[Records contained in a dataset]
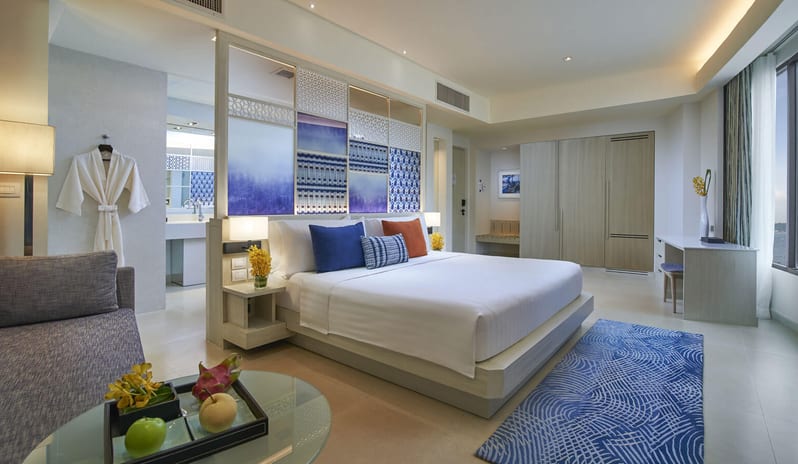 Amari Pattaya - Grand Deluxe Ocean View  Full Room View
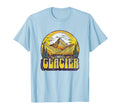 Glacier National Park Montana Usa T-Shirt - Aesthetic Graphic Unisex - T-Shirt, Sweatshirt, Hoodie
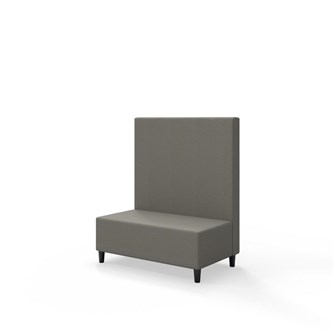 Modulsofa Snake 100 treben sh 37,5 medium rygg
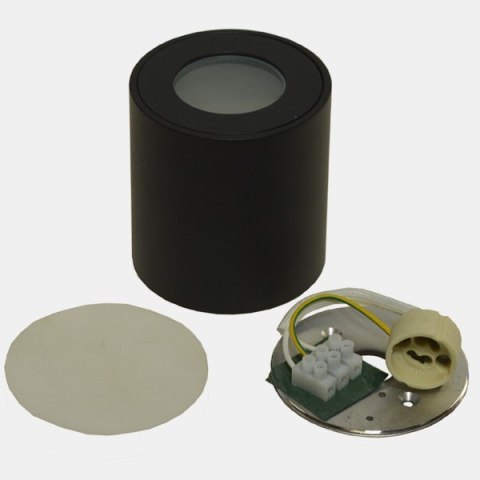 Oprawa sufitowa Fara Black okrągła IP54 80x84mm Oprawa sufitowa Fara Black okrągła IP54 80x84mm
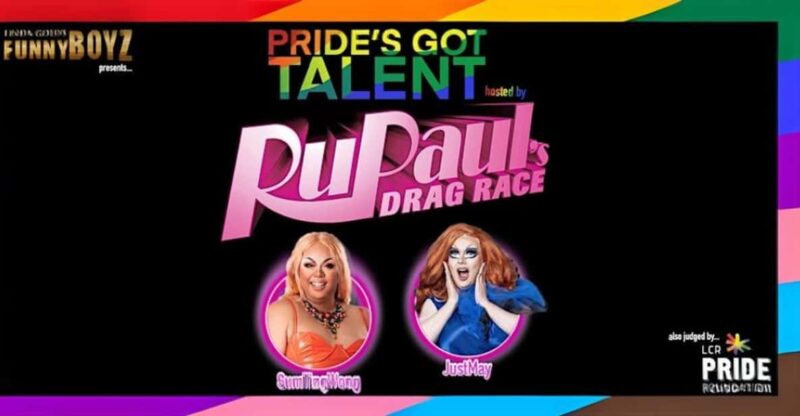 Funnyboyz Liverpool Presents...Prides Got Talent /25 - Good To Know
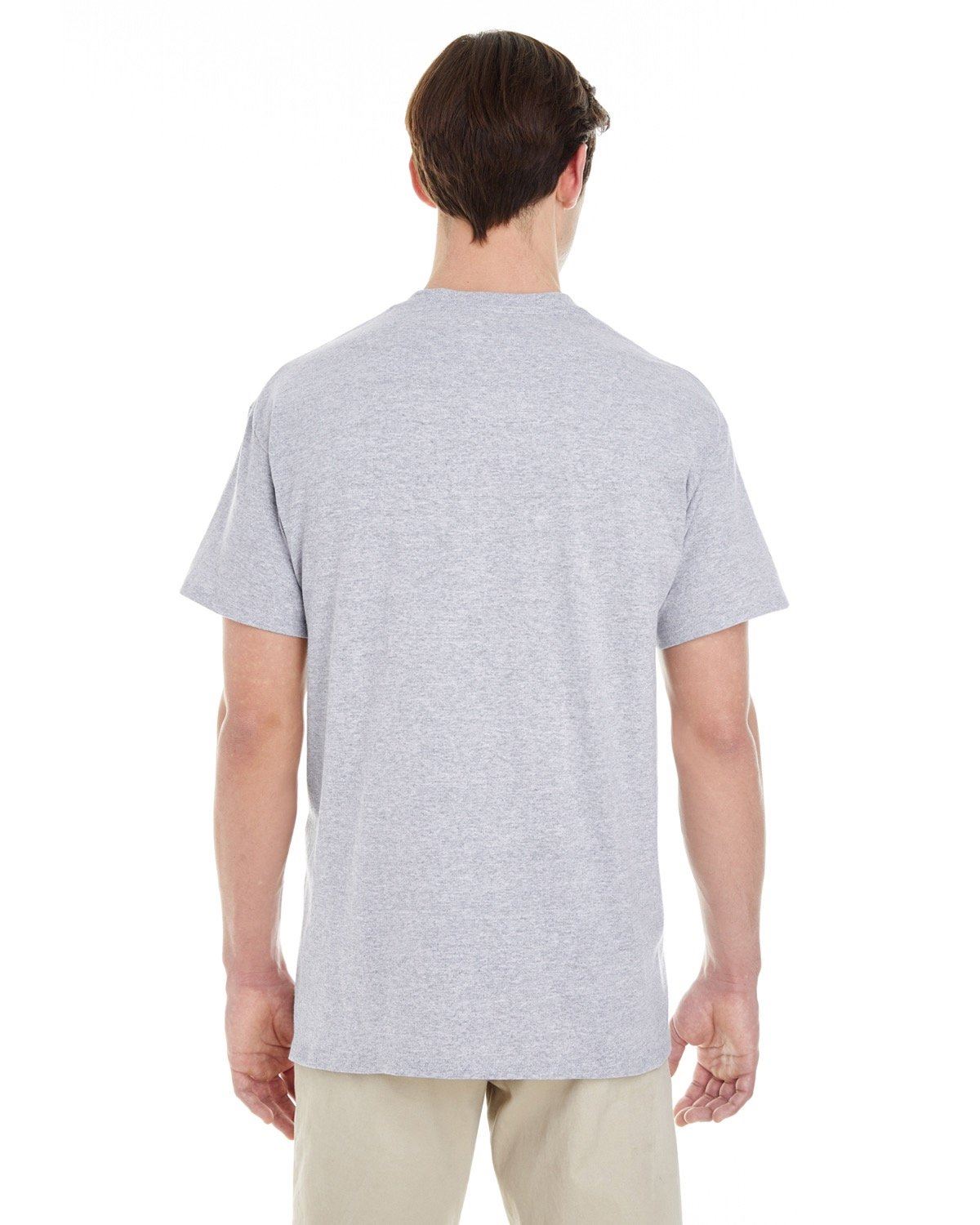 Gildan Mens Heavy Cotton Double Needle Pocket T-Shirt G530 5300 - Picture 37 of 41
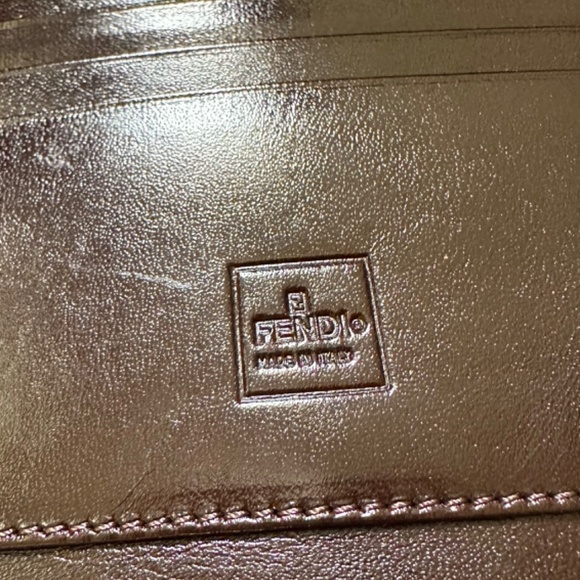 Fendi Zucca Wallet - Picture 6 of 14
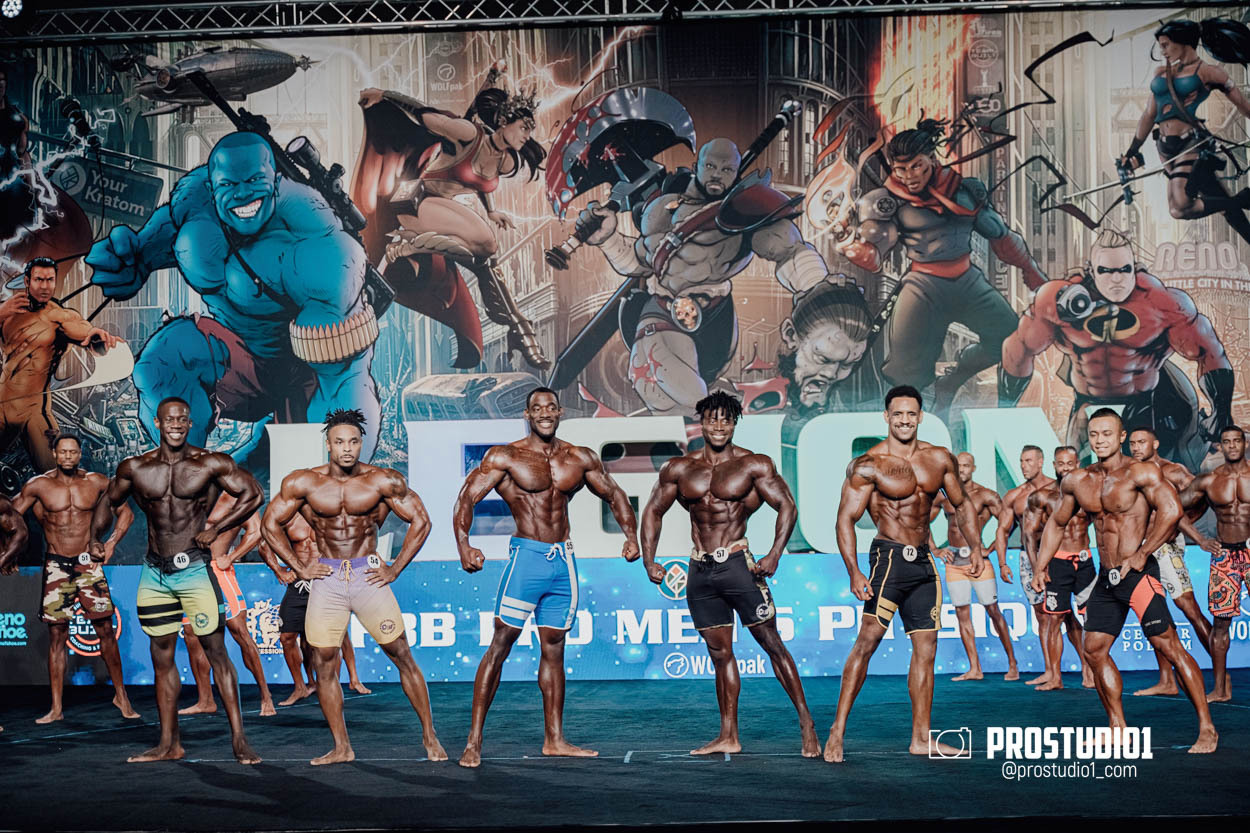 MEN’S PHYSIQUE. Photo & Video Production Studio #1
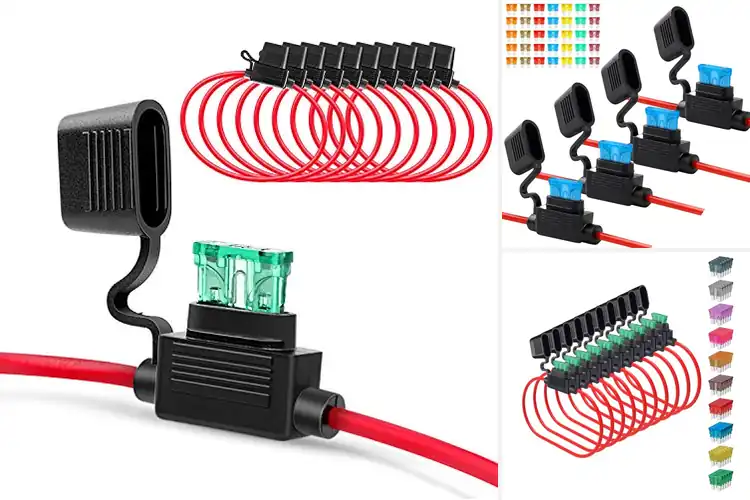 Detailed view of Best Blade Fuse Holders: Protect Your Ride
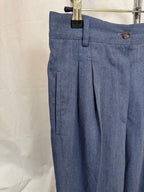 Pantalon bleu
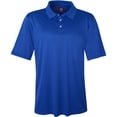 thumbnail image 4 of Hanes Cool DRI Men`s Sportshirt, S, Deep Royal, 4 of 8
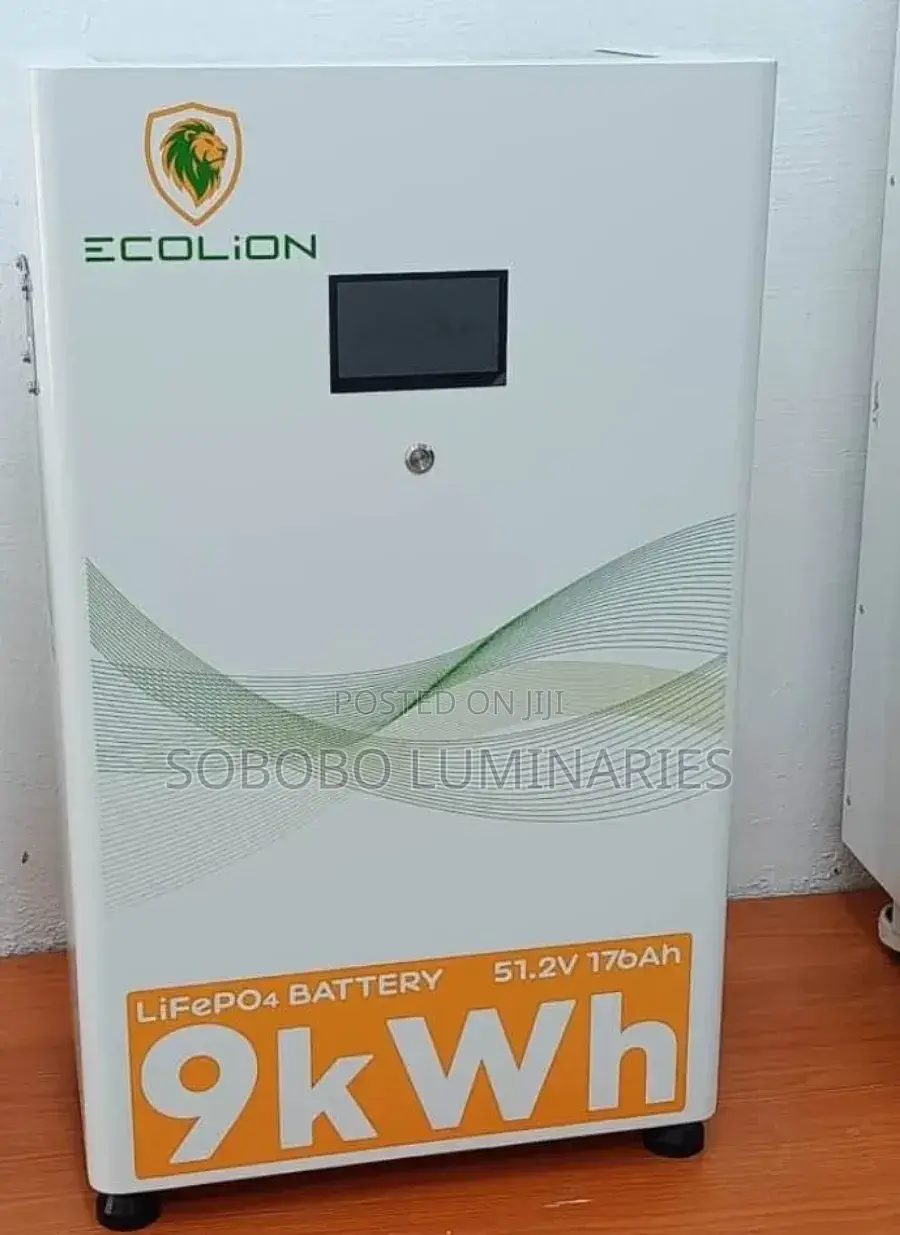 Ecolion Lithium Battery 9kwh 48v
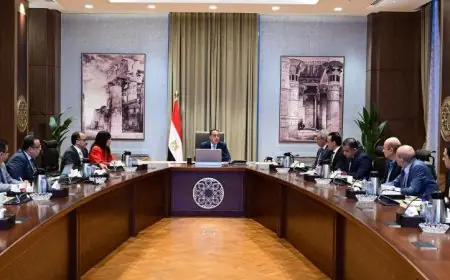 رئيس الوزراء يراقب تقدم خطط تطوير وتشجير القاهرة الكبرى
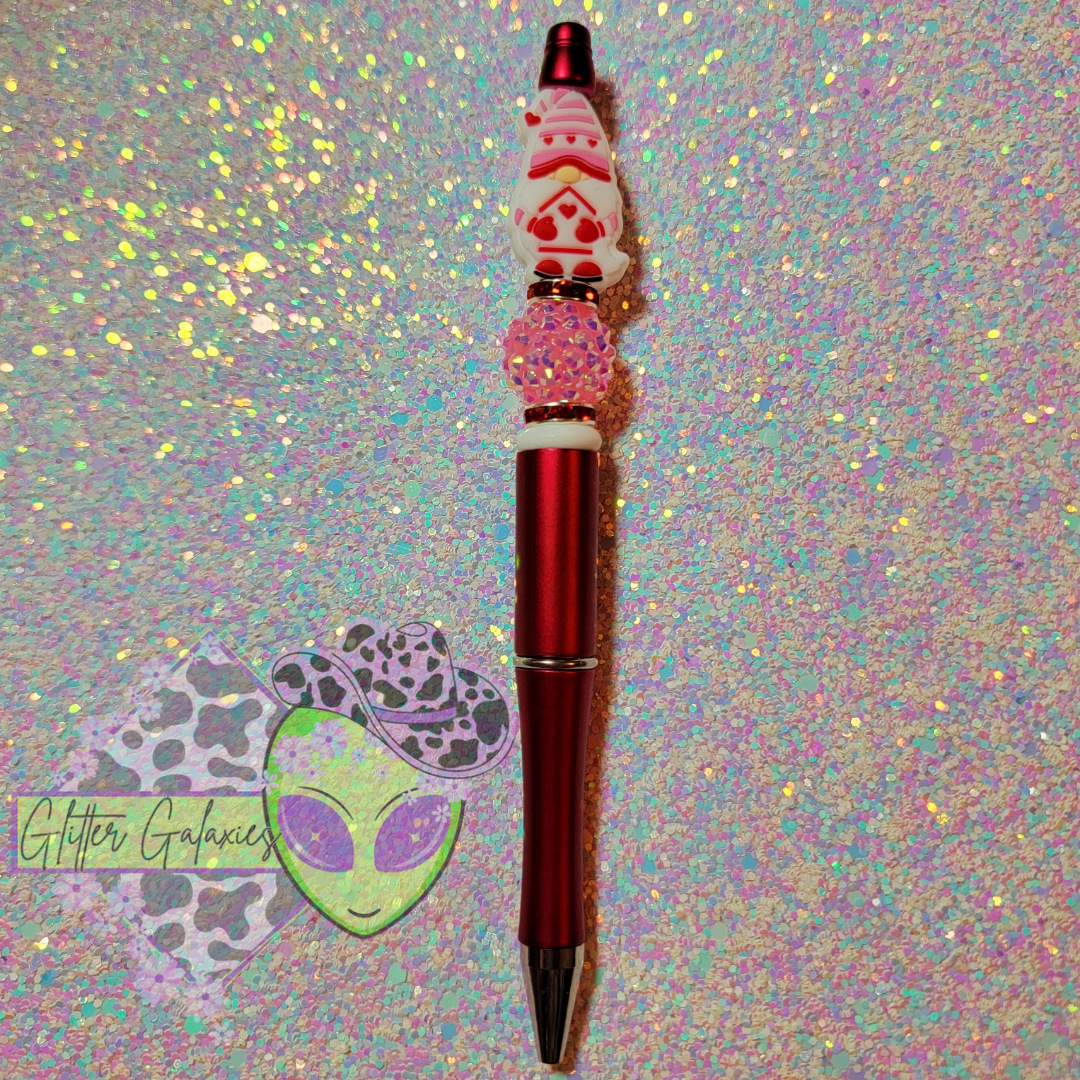 Valentine Gnome Pen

● **Action item**
A complete and exact copy of the records is required. Exclude the pictures.

● **Written reply**
 Amari Pattaya - Grand Deluxe Ocean View  Full Room View
 Glacier National Park Montana Usa T-Shirt - Aesthetic Graphic Unisex - T-Shirt, Sweatshirt, Hoodie
 Modulsofa Snake 100 treben sh 37,5 medium rygg
 Oprawa sufitowa Fara Black okrągła IP54 80x84mm Oprawa sufitowa Fara Black okrągła IP54 80x84mm
 Funnyboyz Liverpool Presents...Prides Got Talent /25 - Good To Know
 Gildan Mens Heavy Cotton Double Needle Pocket T-Shirt G530 5300 - Picture 37 of 41
 Fendi Zucca Wallet - Picture 6 of 14
 MEN’S PHYSIQUE. Photo & Video Production Studio #1
 Detailed view of Best Blade Fuse Holders: Protect Your Ride
 Pantalon bleu
 thumbnail image 4 of Hanes Cool DRI Men`s Sportshirt, S, Deep Royal, 4 of 8
 Ecolion Lithium Battery 9kwh 48v
 رئيس الوزراء يراقب تقدم خطط تطوير وتشجير القاهرة الكبرى
 Valentine Gnome Pen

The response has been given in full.